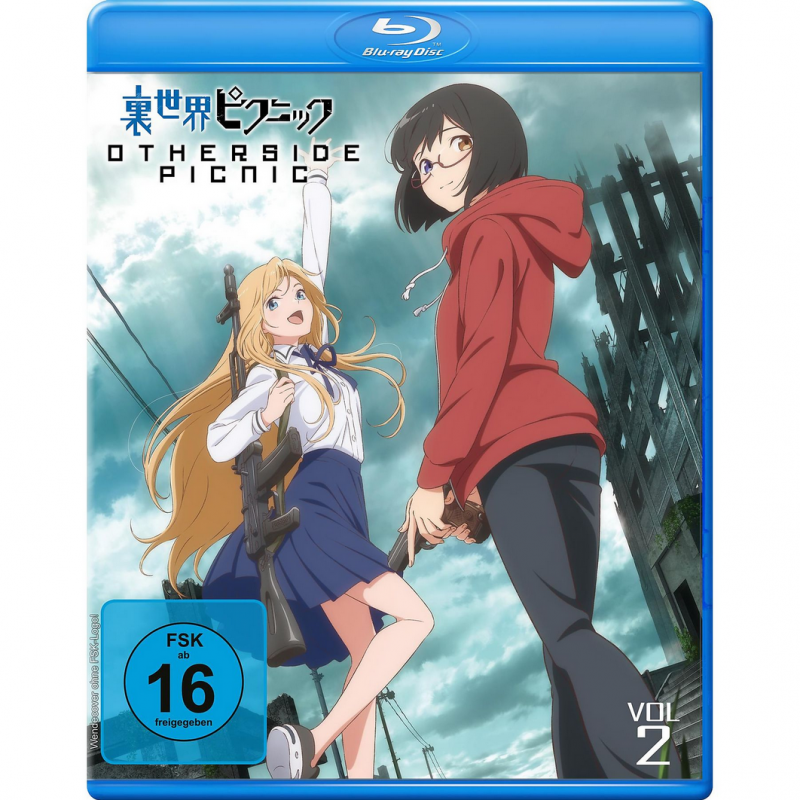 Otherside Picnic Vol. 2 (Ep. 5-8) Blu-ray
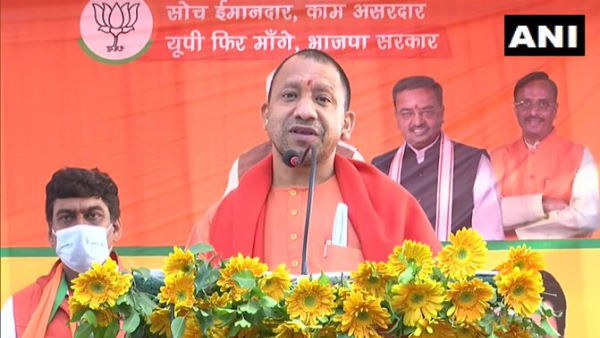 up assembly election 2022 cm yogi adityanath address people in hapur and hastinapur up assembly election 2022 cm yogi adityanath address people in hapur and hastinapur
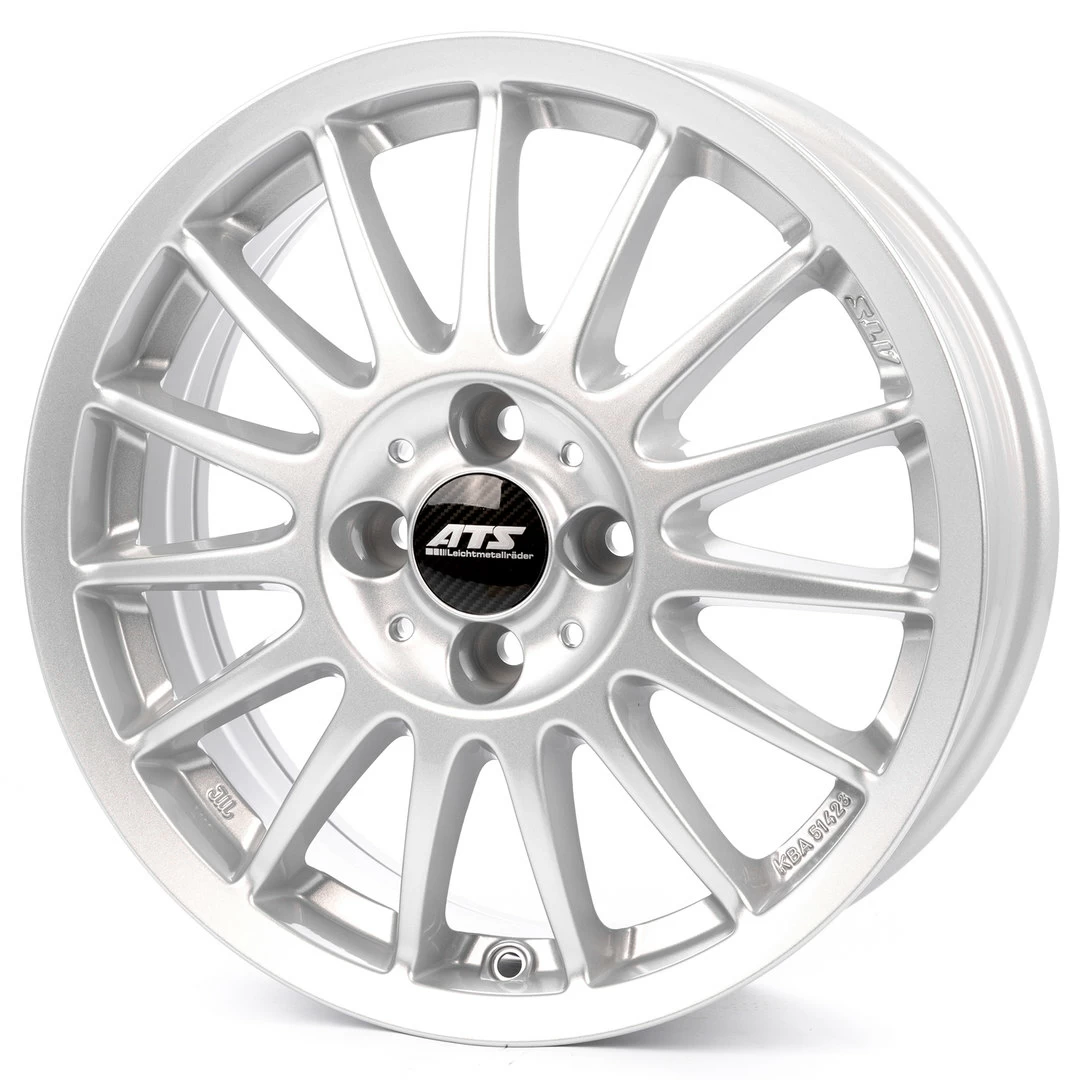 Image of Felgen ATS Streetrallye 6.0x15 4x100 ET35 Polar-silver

..............................

## YOUR GOAL
Provide a precise transcription of the listing, excluding each picture.

## RESULT OF THIS TASK
 Otherside Picnic Vol. 2 (Ep. 5-8) Blu-ray
 up assembly election 2022 cm yogi adityanath address people in hapur and hastinapur up assembly election 2022 cm yogi adityanath address people in hapur and hastinapur
 Image of Felgen ATS Streetrallye 6.0x15 4x100 ET35 Polar-silver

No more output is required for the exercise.